▽

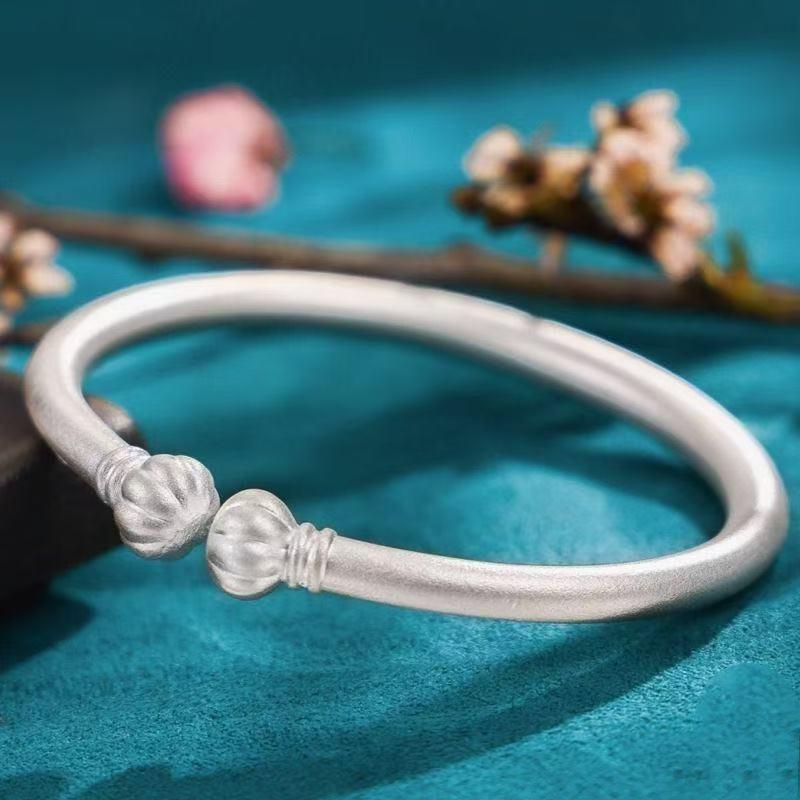 Sterling Silver Frosted Pumpkin Bracelet - Women's Open Bangle, Pure Silver, Chinese Style, Simple Mother's Gift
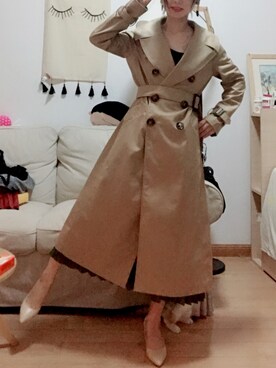 「家」｜「アイテム（ジャケット/アウター）」を使った、浮轩木有豆豆さん（レディース・155cm）の春コーディネート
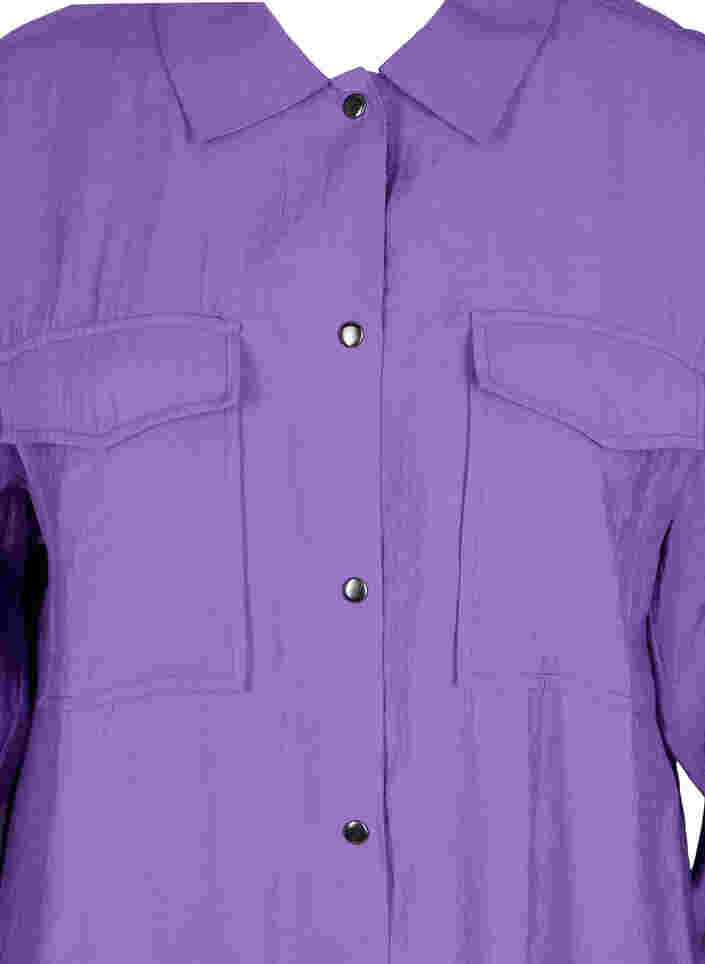 Lang viskoseskjorte med knapper, Royal Lilac, Packshot image number 2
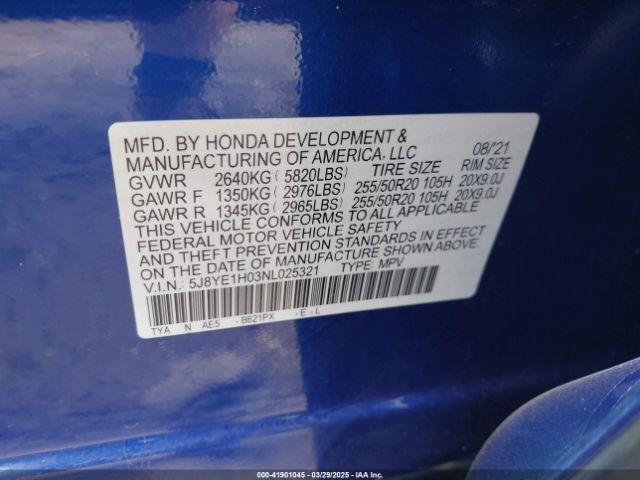 5J8YE1H03NL025321 Acura Mdx A-spec Package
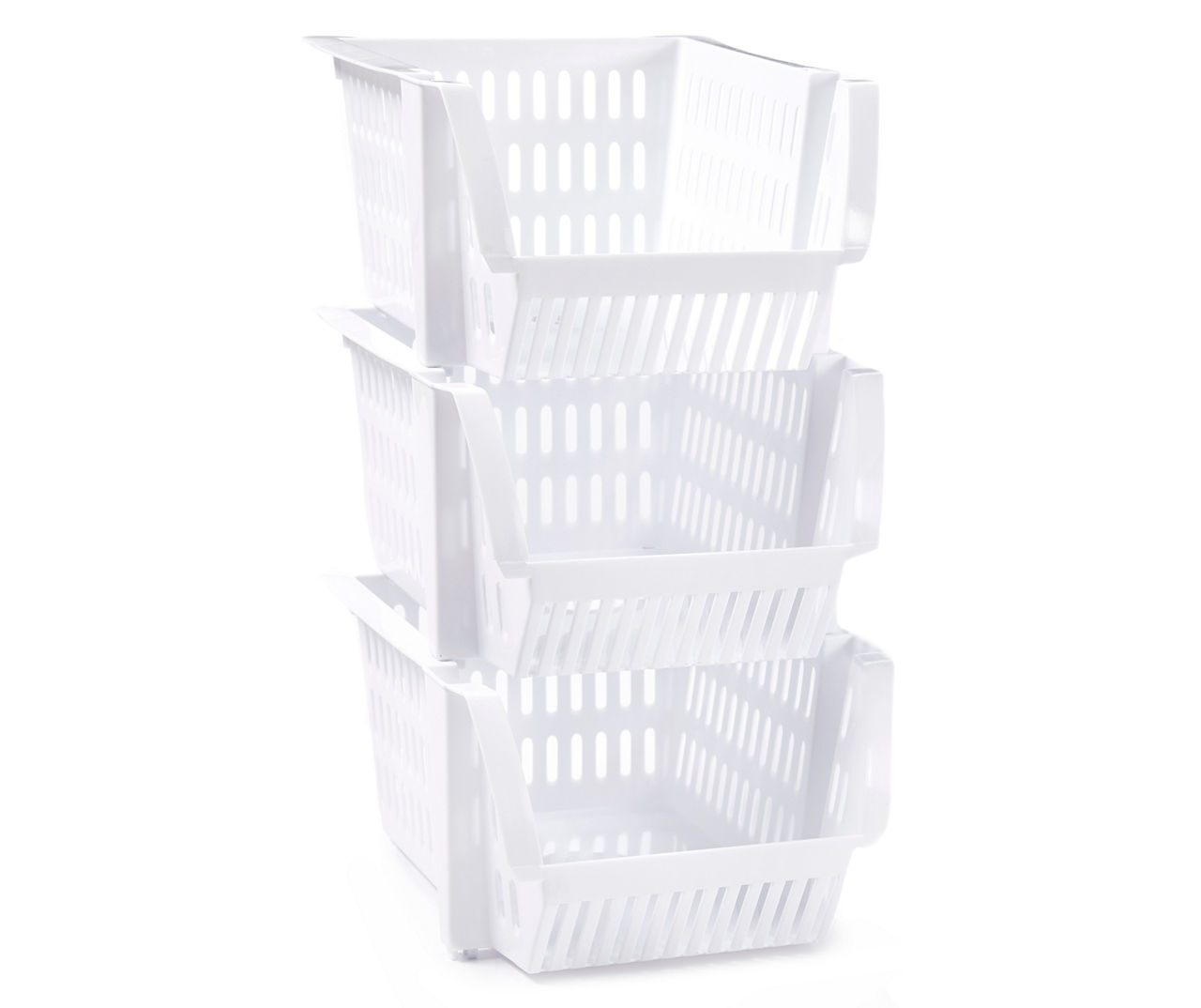 White Small Stacking Bins, 3-Pack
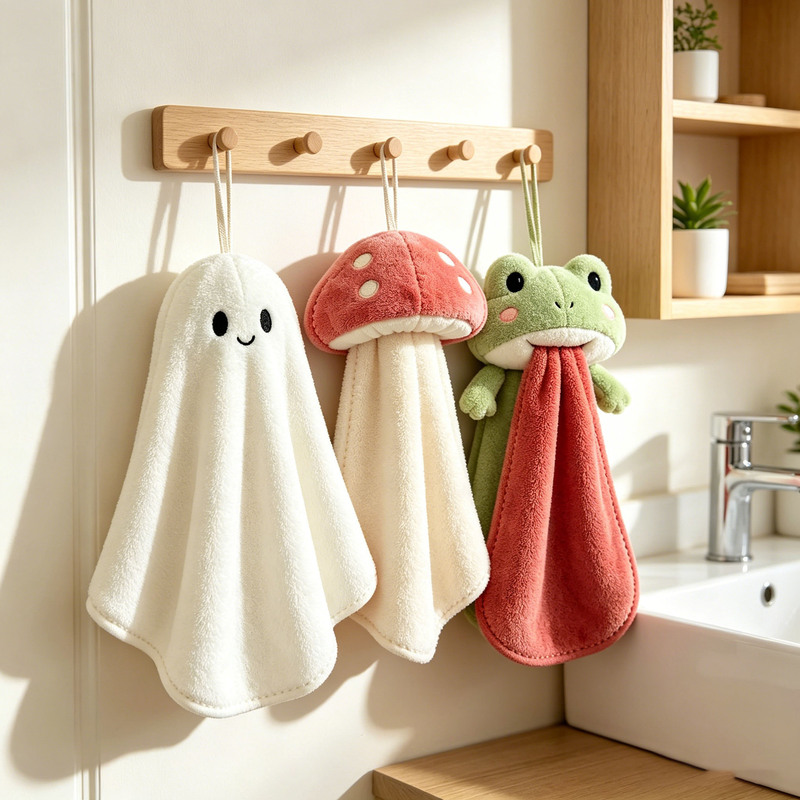 Cartoon Hanging Hand Towel, Thick Coral Fleece with Strong Water Absorption, Cute Decorative Towel for Bathroom and Kitchen, Can Be Hung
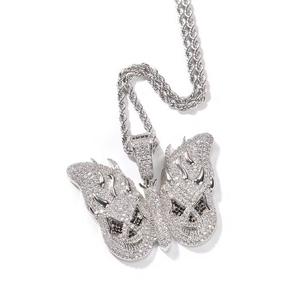 Collier pendentif papillon 3D serti de diamants, bijoux hip-hop pour femmes, déclaration de mode audacieuse, accessoire tendance - Product Image 1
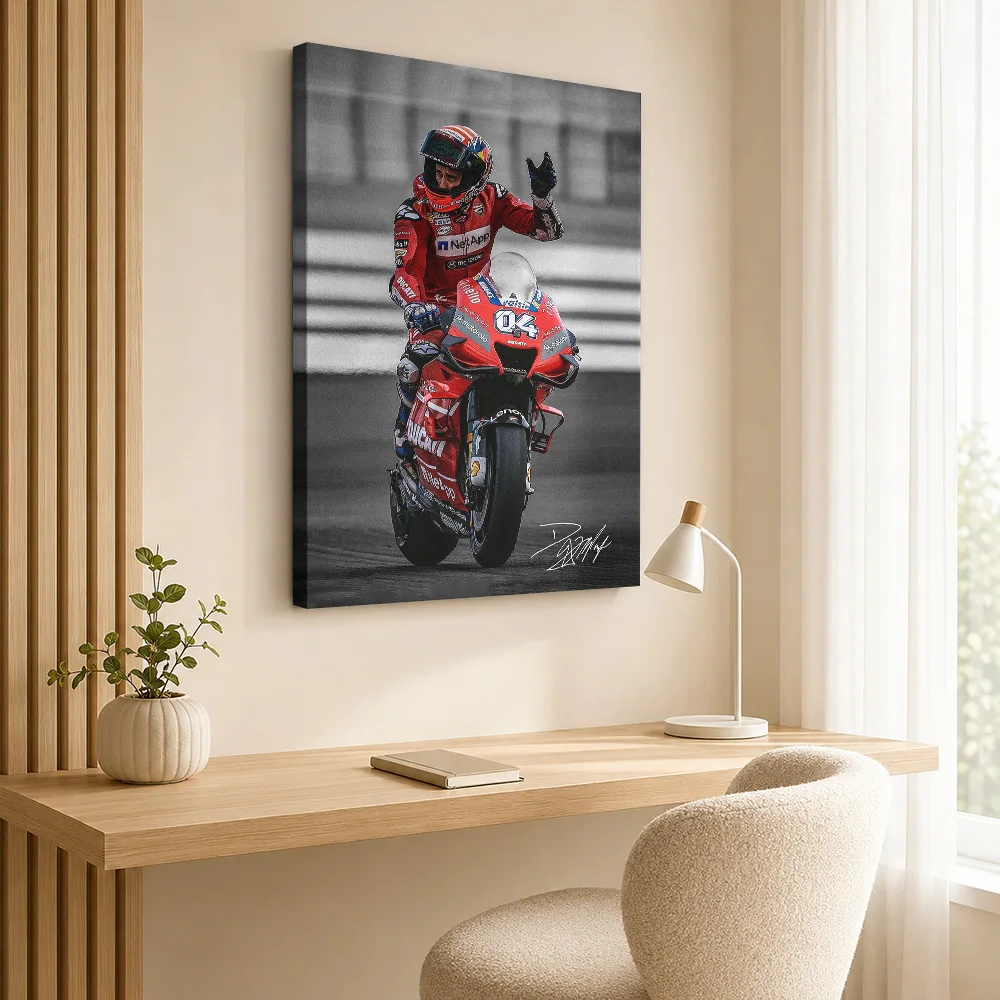 Andrea Dovizioso MotoGP Rider Victory Canvas Poster Bold Action Design Wall Art With Customized Photo For Garage Ideal Fan Gift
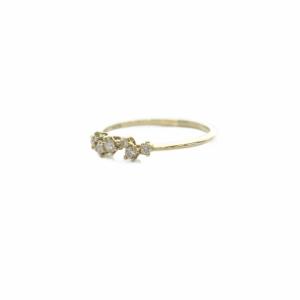 AHKAH 指輪 K18 ダイヤ0.10ct BBリング 8号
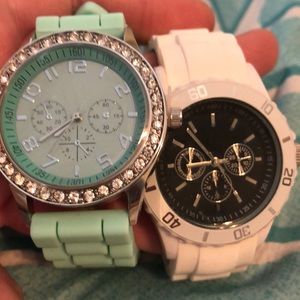 Teal and White Stainless Steel Watch Set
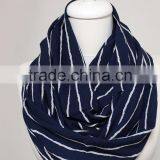 White Stripes on Navy Blue Infinity Scarf, Loop Scarf Circle Scarf Gift Ideas for Her, Spring - Summer - Fall - Winter Session thumbnail-3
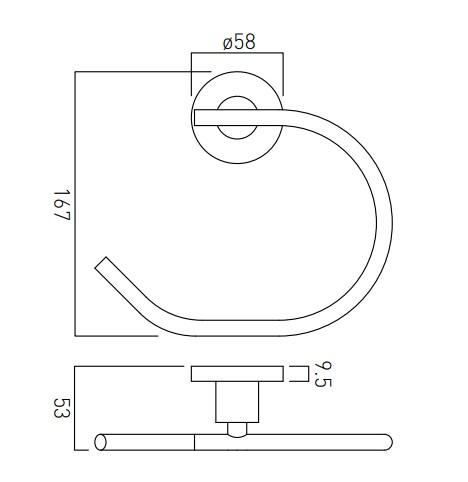 Vado Elements Towel Ring Wall Mounted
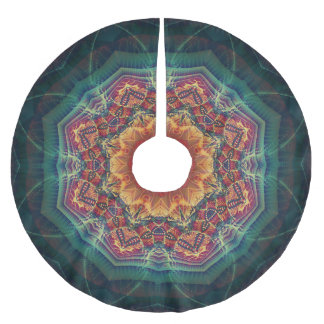 Jupon De Sapin En Polyester Brossé Fleur kaléidoscope multicolore, motif continu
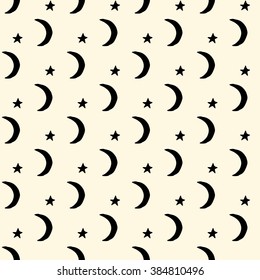 Seamless background. Crescent moon and star pattern. 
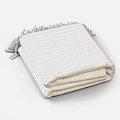 Cozy Plaid Folded Blanket With Decorative Tassels On White Background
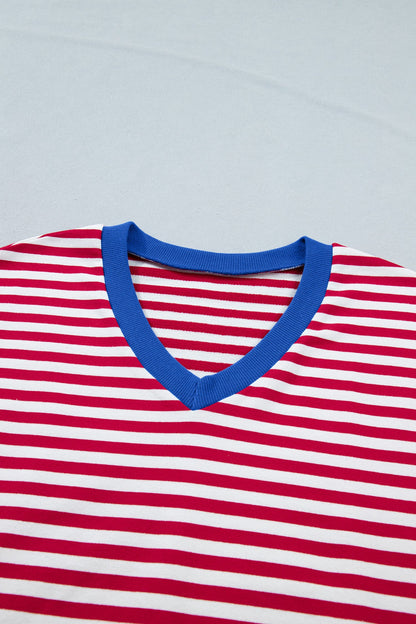 Stripe Colorblock V-Neck Tee & Drawstring Short Set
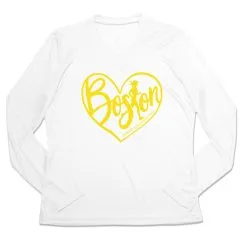 Women's Long Sleeve Tech Tee - Love The Run Boston 26.2 -goneforarun Sales 2023 tr 44795 WHITE MAIN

△

→ **What you are asked to do**
What you should return is the exact text of every line from the top of the entries through the line with "5J8YE1H03NL025321 Acura Mdx A-spec Package", pictures removed.

→ **Written reply**
 Sterling Silver Frosted Pumpkin Bracelet - Women's Open Bangle, Pure Silver, Chinese Style, Simple Mother's Gift
 「家」｜「アイテム（ジャケット/アウター）」を使った、浮轩木有豆豆さん（レディース・155cm）の春コーディネート
 Lang viskoseskjorte med knapper, Royal Lilac, Packshot image number 2
 5J8YE1H03NL025321 Acura Mdx A-spec Package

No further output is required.